===== DATASET =====
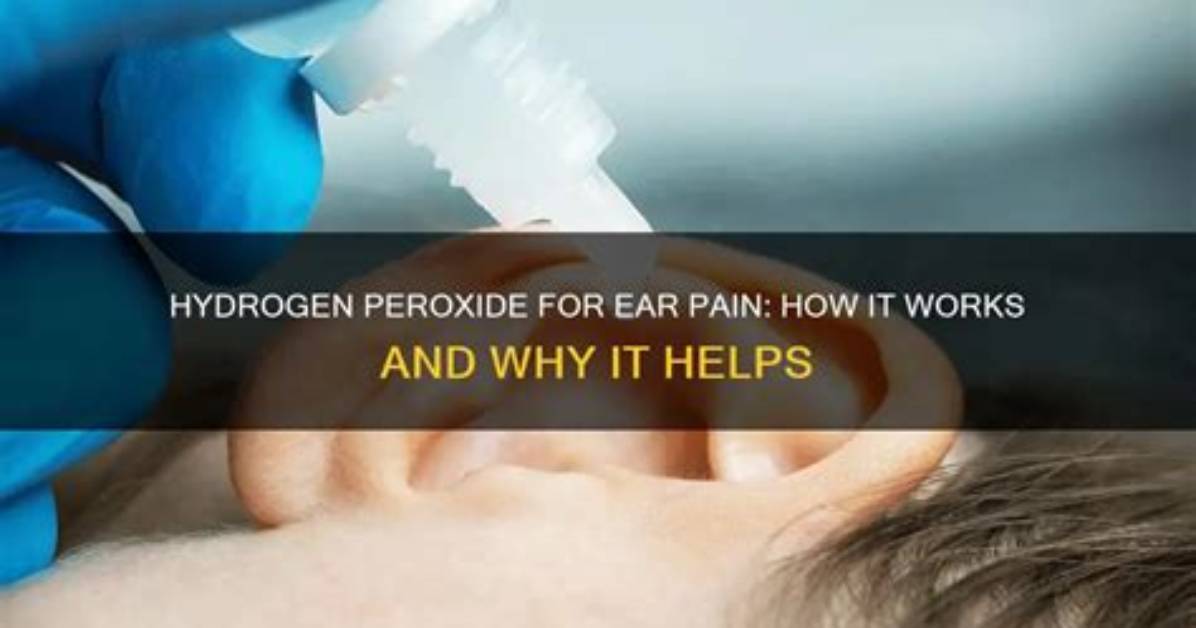 Does Hydrogen Peroxide Help Earache?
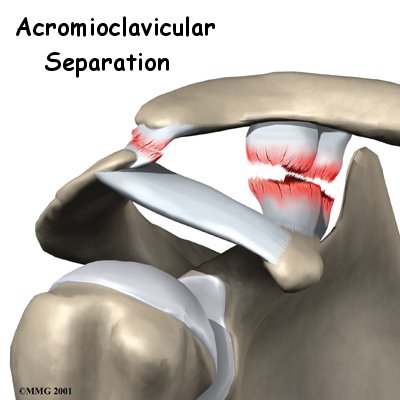 Acromioclavicular Joint Separation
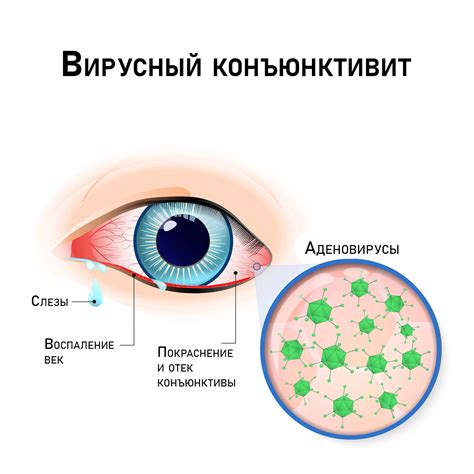 Конъюнктивит: симптомы и основные причины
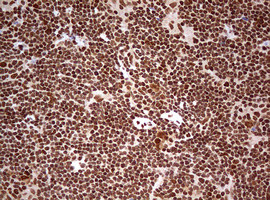 FBXW7 Antibody in Immunohistochemistry (Paraffin) (IHC (P))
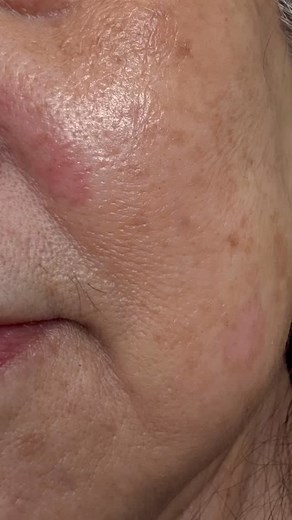 ✨ PIGMENT & FRECKLE REMOVAL – SEE THE DIFFERENCE IN JUST A FEW DAYS ✨...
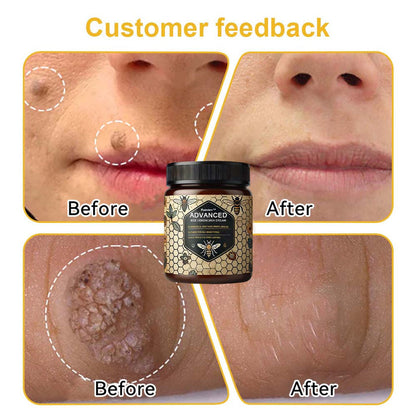 Advanced Bee Venom Skin Cream👨‍⚕️🌿(🔥𝑳𝒂𝒔𝒕 𝒅𝒂𝒚 𝒑𝒓𝒐𝒎𝒐𝒕𝒊𝒐𝒏 8𝟎% 𝒐𝒇𝒇)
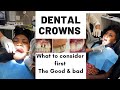 WATCH BEFORE YOU GET DENTAL CROWNS | GOOD &amp; BAD |PROCEDURE EXPLAINED
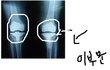 성장판 확인법 사진(有)@@@@@@@@@@@@@@@@@@@@@@@@@@@@@@@@@@@@@@@@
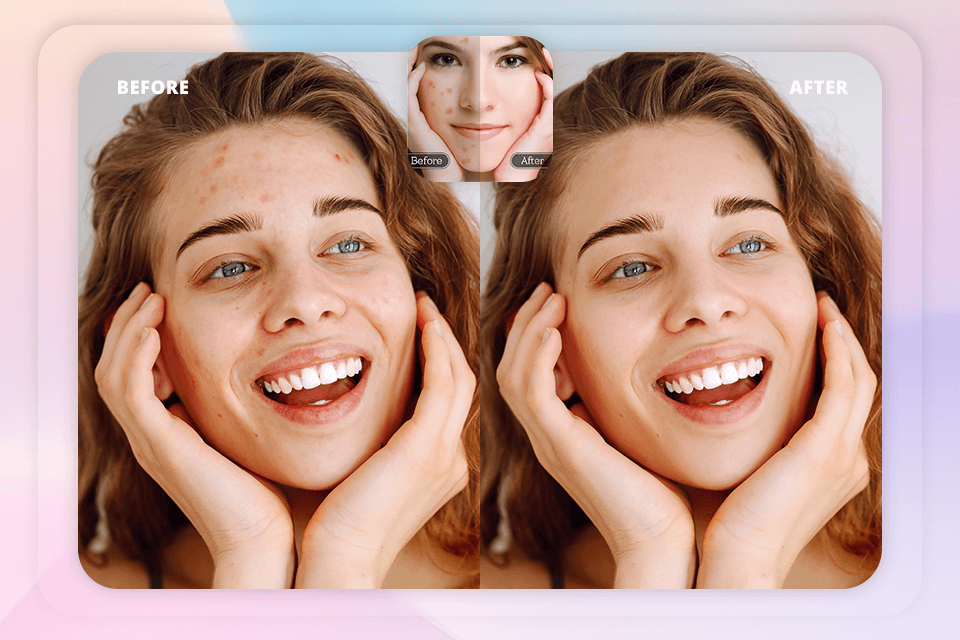 blemish remover app face blemish remover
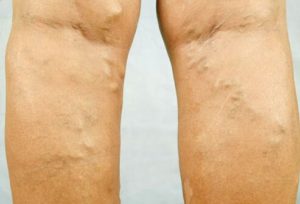 varicose veins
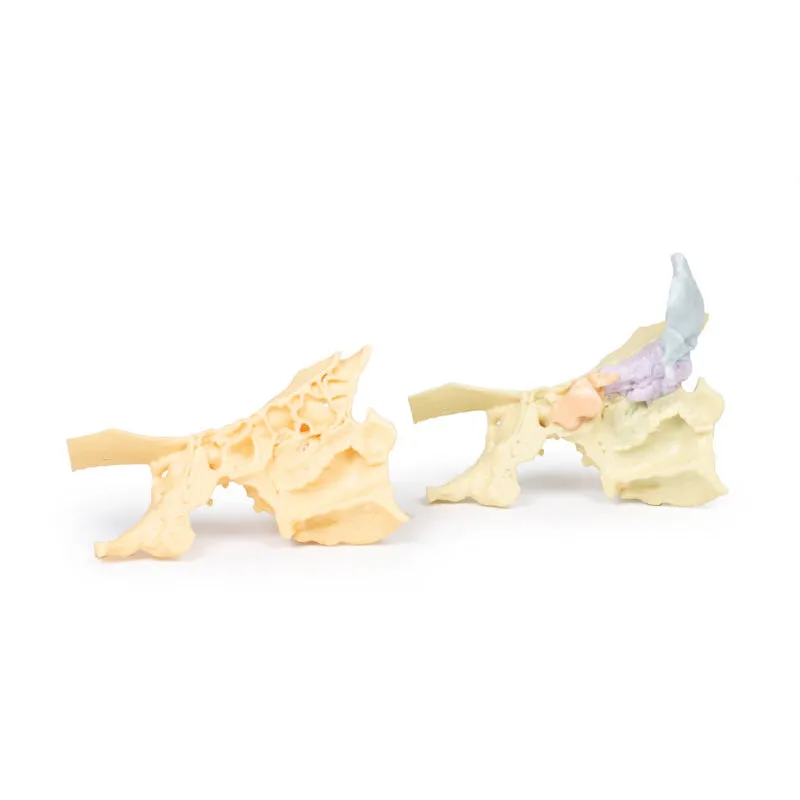 3D Printed Paranasal Sinus Model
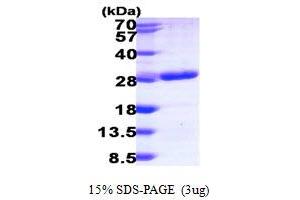 SDS-PAGE (SDS) image for RAB6B, Member RAS Oncogene Family (RAB6B) (AA 1-208) protein (His tag) (ABIN667354) (RAB6B Protein (AA 1-208) (His tag))
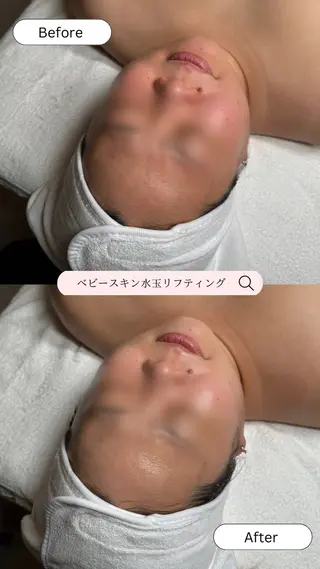 韓国肌管理🫧LDM 🫧Junnaのエステ・リラクイメージ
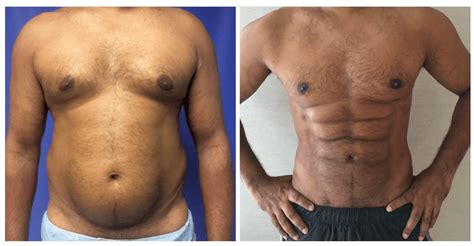 New Plastic Surgery Procedure Promises To Give You Six Pack Abs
=====
*EXERCISE*. Starting at the line that contains "FEW DAYS ✨...", write out every line through the final line of the entries, word for word; skip any pictures.

*TASK RESPONSE*.
 ✨ PIGMENT & FRECKLE REMOVAL – SEE THE DIFFERENCE IN JUST A FEW DAYS ✨...
 Advanced Bee Venom Skin Cream👨‍⚕️🌿(🔥𝑳𝒂𝒔𝒕 𝒅𝒂𝒚 𝒑𝒓𝒐𝒎𝒐𝒕𝒊𝒐𝒏 8𝟎% 𝒐𝒇𝒇)
 WATCH BEFORE YOU GET DENTAL CROWNS | GOOD &amp; BAD |PROCEDURE EXPLAINED
 성장판 확인법 사진(有)@@@@@@@@@@@@@@@@@@@@@@@@@@@@@@@@@@@@@@@@
 blemish remover app face blemish remover
 varicose veins
 3D Printed Paranasal Sinus Model
 SDS-PAGE (SDS) image for RAB6B, Member RAS Oncogene Family (RAB6B) (AA 1-208) protein (His tag) (ABIN667354) (RAB6B Protein (AA 1-208) (His tag))
 韓国肌管理🫧LDM 🫧Junnaのエステ・リラクイメージ
 New Plastic Surgery Procedure Promises To Give You Six Pack Abs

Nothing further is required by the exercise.